Exactly as written, retype the lines that run from the line holding "Duvar Üstü Harpuşta - Görsel 5" through the end of the records below. Do not include pictures.

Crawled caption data
************

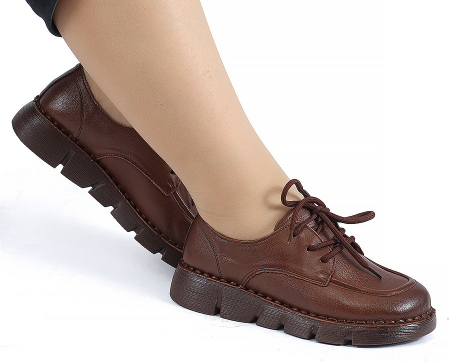 ЖЕНСКИЕ ТУФЛИ НАТУРАЛЬНАЯ КОЖА GUGU ГЕРМАНИЯ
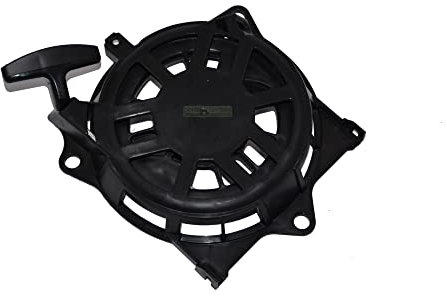 Seilzugstarter kompatibel mit HONDA GCV135 GCV160 GCV190 28400-Z0M-801 28400-Z1A-013ZA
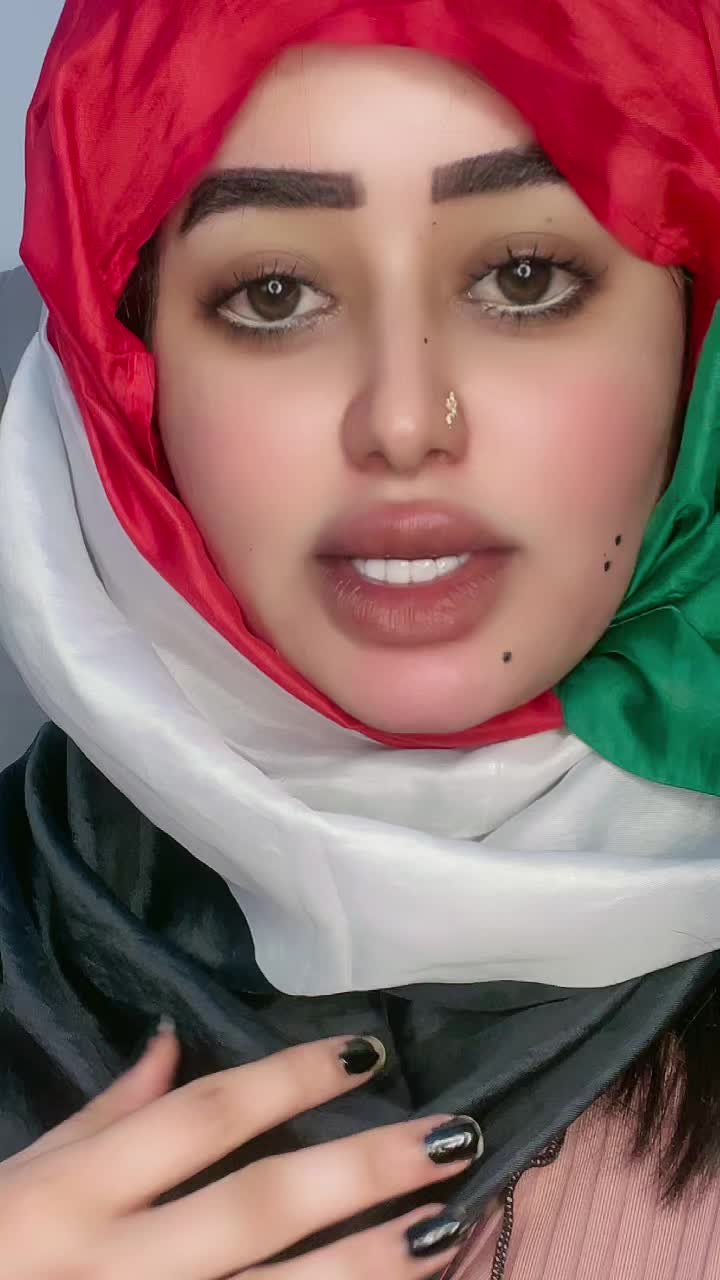 @سومه اللهم احفظ بلادي السودان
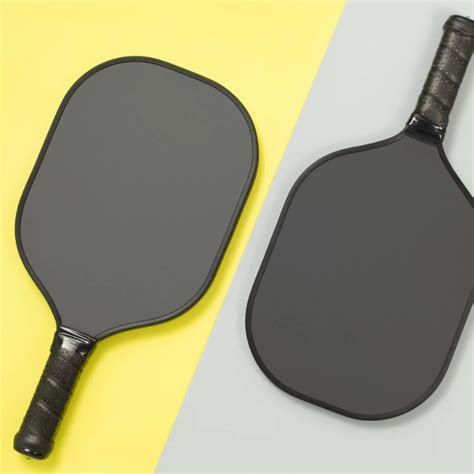 Pickleball Paddles Singapore: Your Ultimate Guide to 5 Different Types and 10 Top Brands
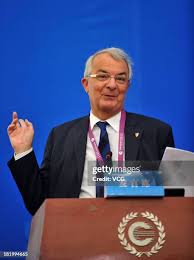 14 Howard Newby Stock Photos, High-Res Pictures, and Images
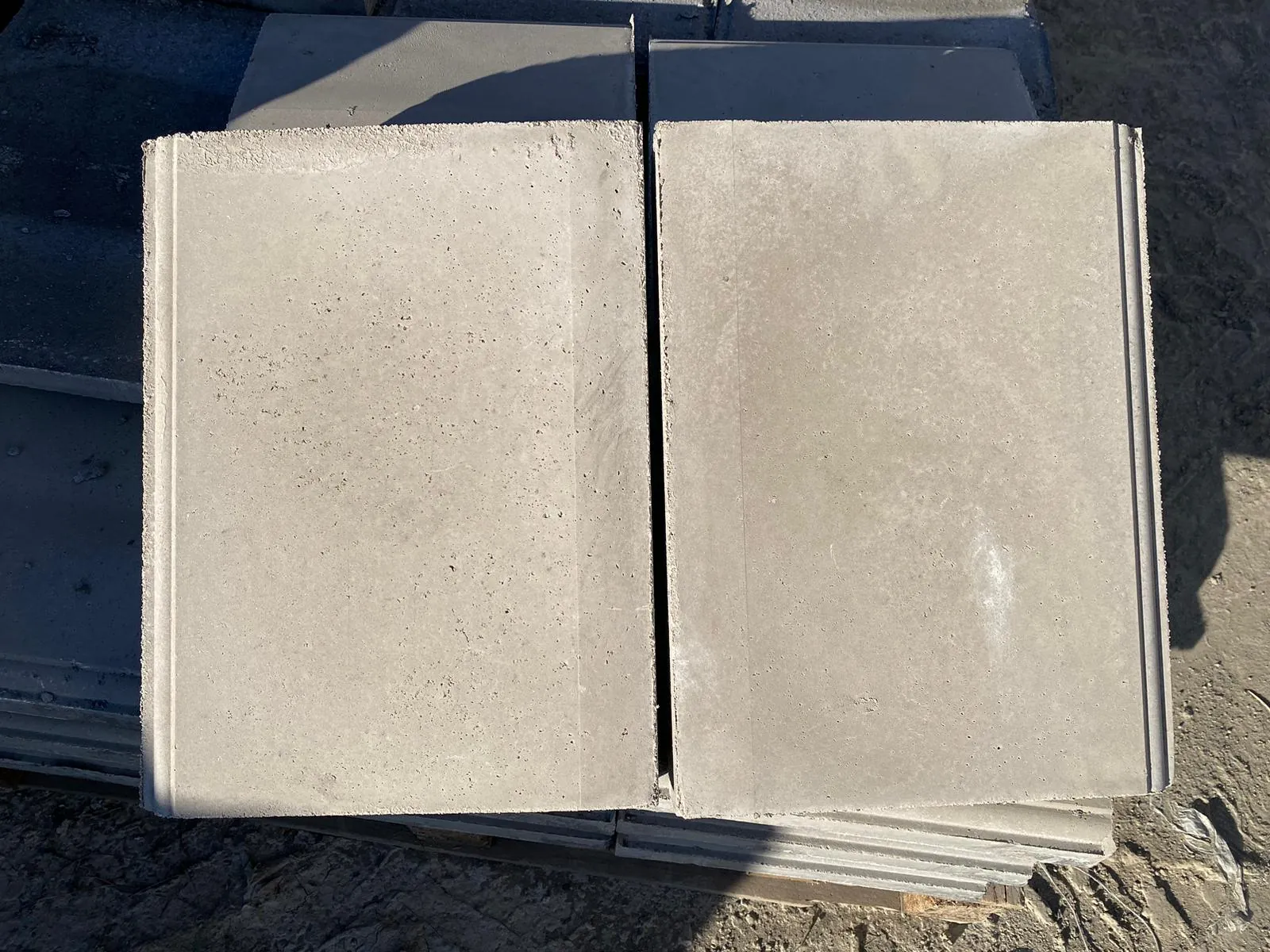 Duvar Üstü Harpuşta - Görsel 5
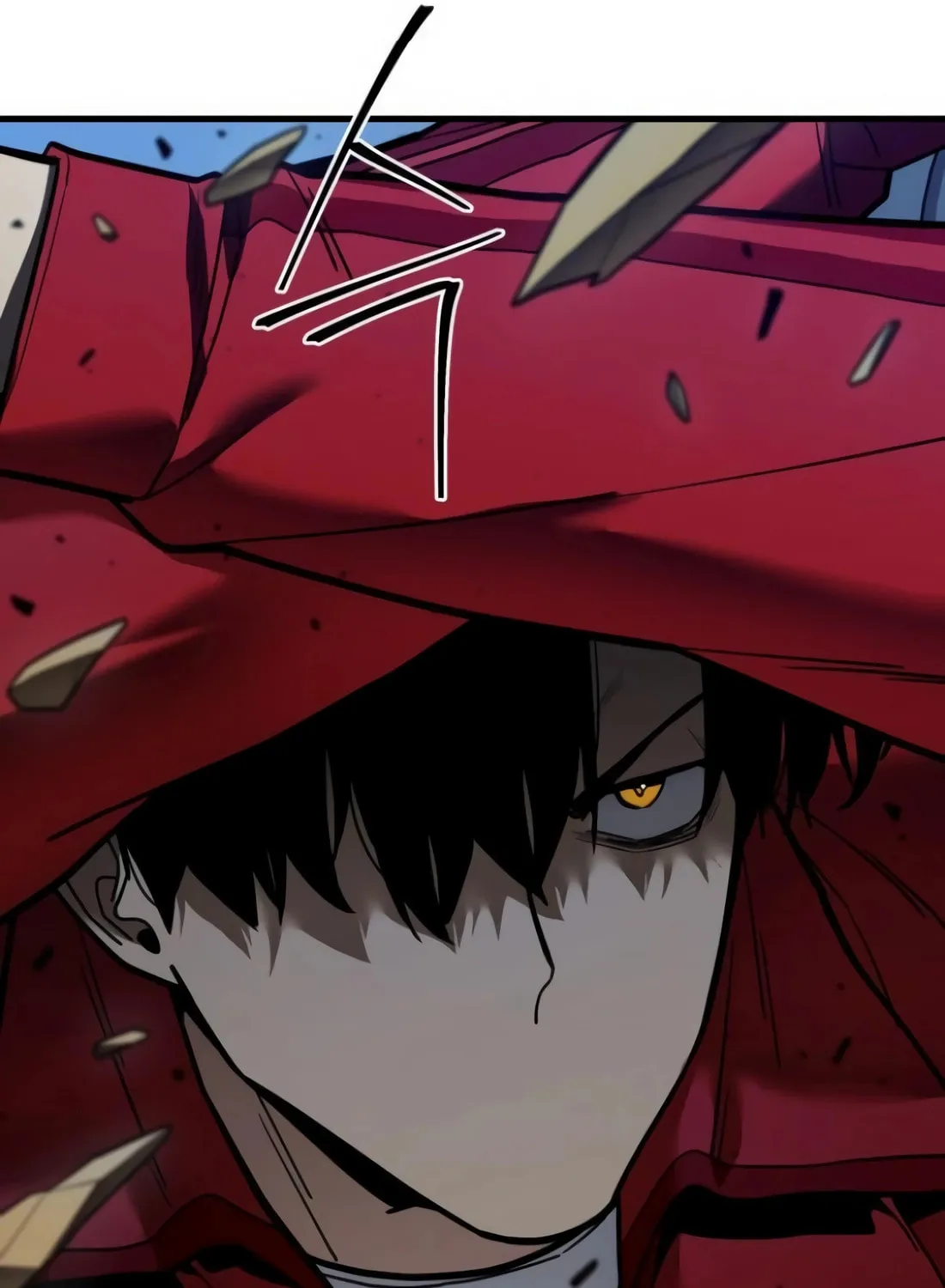 Read Wrecker Driver chapter 19 image 201 on Lezhin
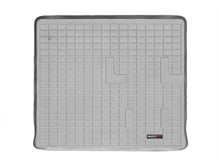 Load image into Gallery viewer, WeatherTech 03+ Hummer H2 Cargo Liners - Grey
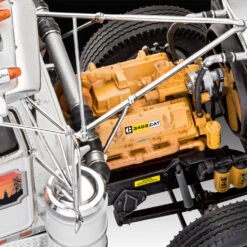 Best Sale ✔️ Kenworth W-900 Tractor Cab 1/25 Revell Germany 🧨 -megahobby Sales Store 07659 md02 kenworth w 900 46685.1577731307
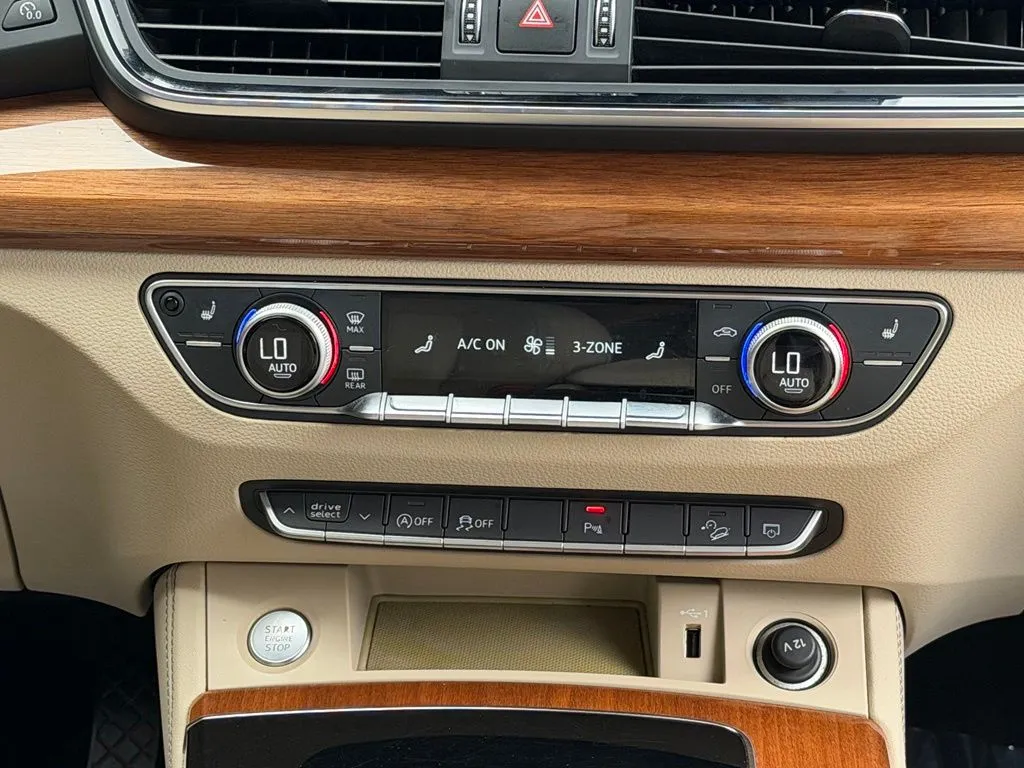 Audi Q5 photo 49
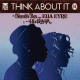 Cover: Naughty Boy feat. Wiz Khalifa & Ella Eyre - Think About It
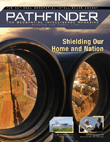 Cover image of the September / October 2008 Pathfinder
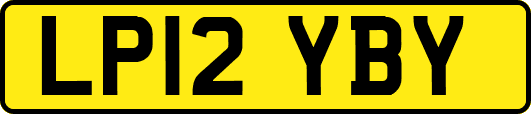 LP12YBY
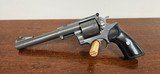 Ruger Super Redhawk .480 Ruger W/ Box + Rings - 2 of 16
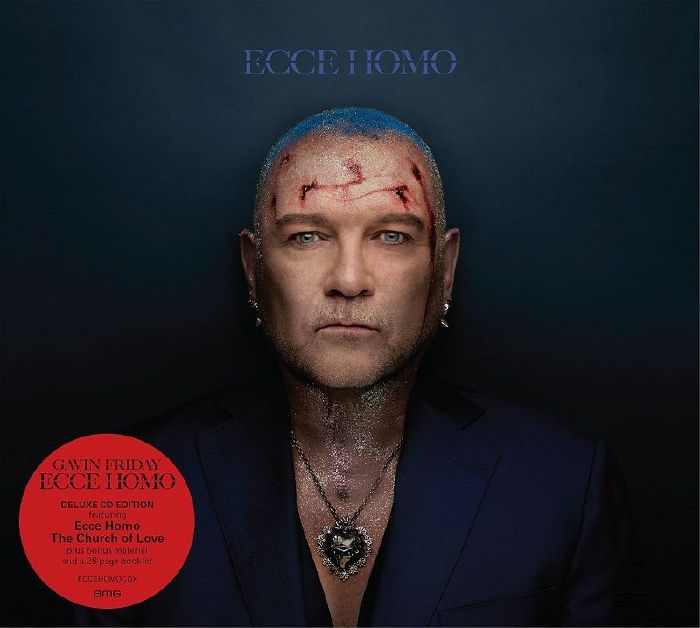 FRIDAY, Gavin - Ecce Homo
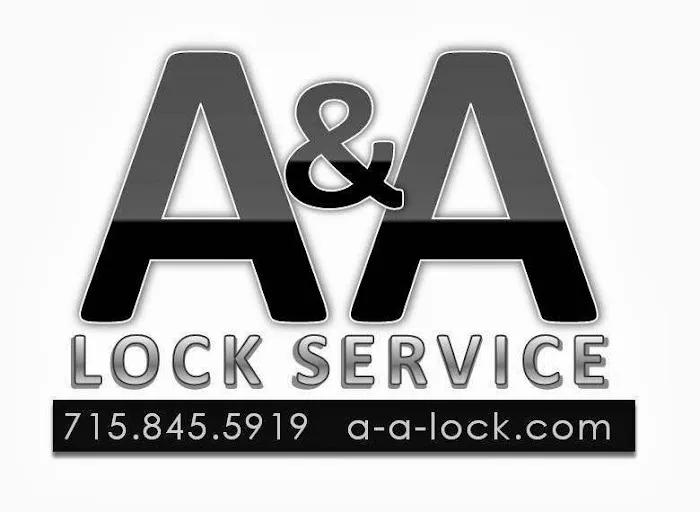 A & A Lock Service Picture 1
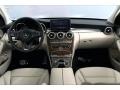 Palladium Silver Metallic - C 300 Sedan Photo No. 15
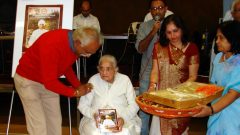 Sharad Purnima and Bhajanavali Launch 2013 (59)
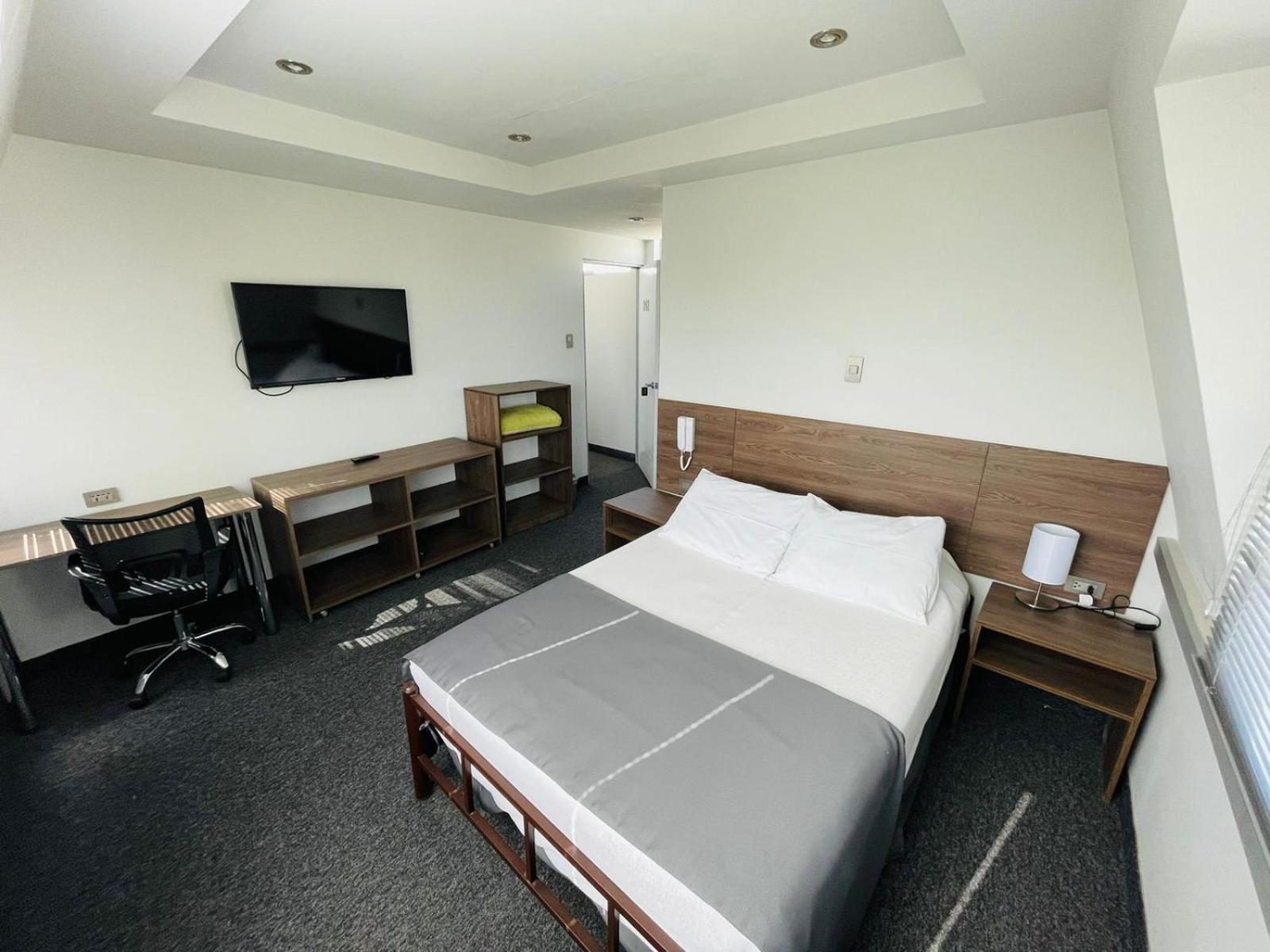 Hotel Casagrande 아레키파 외부 사진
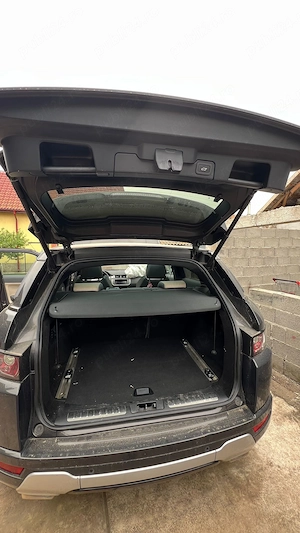 Vând Land ROVER Evoque  - imagine 9
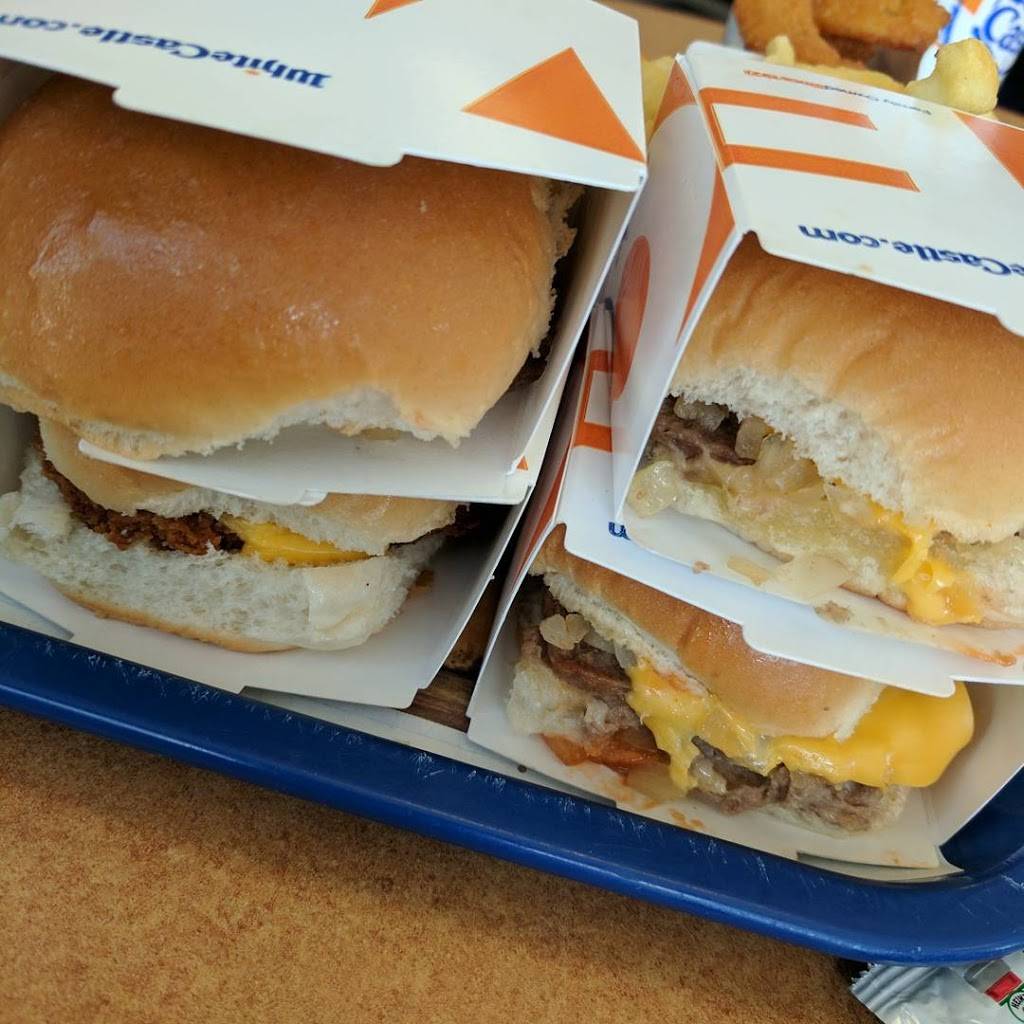 White Castle | restaurant | 1113 US-46, Ledgewood, NJ 07852, USA | 9739273167 OR +1 973-927-3167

************

EXERCISE OUTPUT -
 Duvar Üstü Harpuşta - Görsel 5
 Read Wrecker Driver chapter 19 image 201 on Lezhin
 Load image into Gallery viewer, WeatherTech 03+ Hummer H2 Cargo Liners - Grey
 Best Sale ✔️ Kenworth W-900 Tractor Cab 1/25 Revell Germany 🧨 -megahobby Sales Store 07659 md02 kenworth w 900 46685.1577731307
 Audi Q5 photo 49
 Cover: Naughty Boy feat. Wiz Khalifa & Ella Eyre - Think About It
 Cover image of the September / October 2008 Pathfinder
 LP12YBY
 Ruger Super Redhawk .480 Ruger W/ Box + Rings - 2 of 16
 FRIDAY, Gavin - Ecce Homo
 A & A Lock Service Picture 1
 Palladium Silver Metallic - C 300 Sedan Photo No. 15
 Sharad Purnima and Bhajanavali Launch 2013 (59)
 Hotel Casagrande 아레키파 외부 사진
 Vând Land ROVER Evoque  - imagine 9
 White Castle | restaurant | 1113 US-46, Ledgewood, NJ 07852, USA | 9739273167 OR +1 973-927-3167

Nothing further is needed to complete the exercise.